Wie die Verantwortlichen betonen, ist das Vorhaben mit dem „Fall Glasl“ jedoch nicht zu vergleichen. Dabei ist das kein Einzelfall: Im Tal verschwinden immer mehr historische Häuser.
„Hier wird ein schönes altes Haus, das weitaus älter ist als der Glasl, ganz heimlich, still und leise zum Abriss vorbereitet. Wie kann das sein?“, fragte ein TS-Leser in einem Kommentar zum Gasthof Glasl am 7. Februar.
Das Haus in der Nördlichen Hauptstraße 88 in Scharling ist ein altehrwürdiges Gebäude. Es steht schon lange. Wie lange, weiß dagegen in der Kreuther Verwaltung keiner mehr so genau. Auch die Eigentümer kennen das genaue Alter nicht mehr.

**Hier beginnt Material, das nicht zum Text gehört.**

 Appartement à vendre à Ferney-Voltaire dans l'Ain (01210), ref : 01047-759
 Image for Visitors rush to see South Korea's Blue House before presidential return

Gibt das Landratsamt Miesbach seinen Segen, wird das Gebäude schon bald abgerissen und muss einem Neubau weichen.
Der Glasl als Bezugspunkt?
Bereits im Fall des Rottacher Gasthofs Glasl hätte ein altes Gebäude eigentlich abgerissen und einer Wohnbebauung weichen sollen. Als das bekannt wurde, regte sich massiver Widerstand, das Landratsamt für Denkmalpflege wurde eingeschaltet. Die Behörde stellte den Glasl schließlich unter Denkmalschutz und verhinderte so den Abriss. Ein Szenario, das auch im Fall des Gästehauses in Scharling denkbar erscheint?

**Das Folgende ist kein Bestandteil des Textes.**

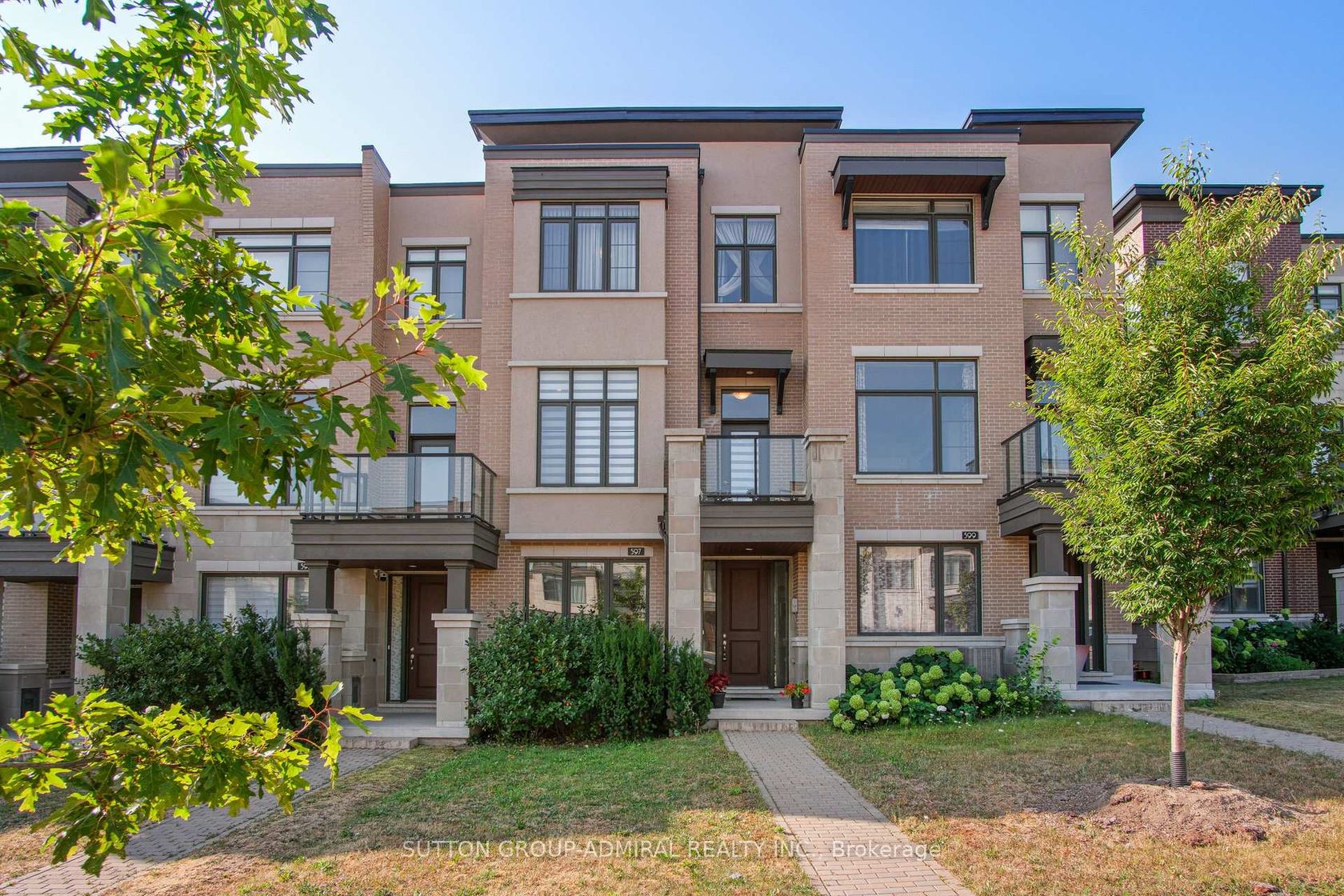 597 Marc Santi Boulevard, Patterson, Vaughan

„Nein“, betont Bürgermeister Josef Bierschneider. „Das Haus wurde vor zwei Jahren durch einen Brand stark in Mitleidenschaft gezogen. Vor allem der Innenraum ist betroffen.“ Aus diesem Grund haben sich die Eigentümer nach langer Überlegung dazu entschlossen, das Gebäude komplett abreißen und neu aufbauen zu lassen. Auch der Kreuther Gemeinderat hatte das bereits 2012 abgesegnet. Es bestehe zudem keinerlei Denkmalschutz auf das Haus, so der Kreuther Rathauschef weiter.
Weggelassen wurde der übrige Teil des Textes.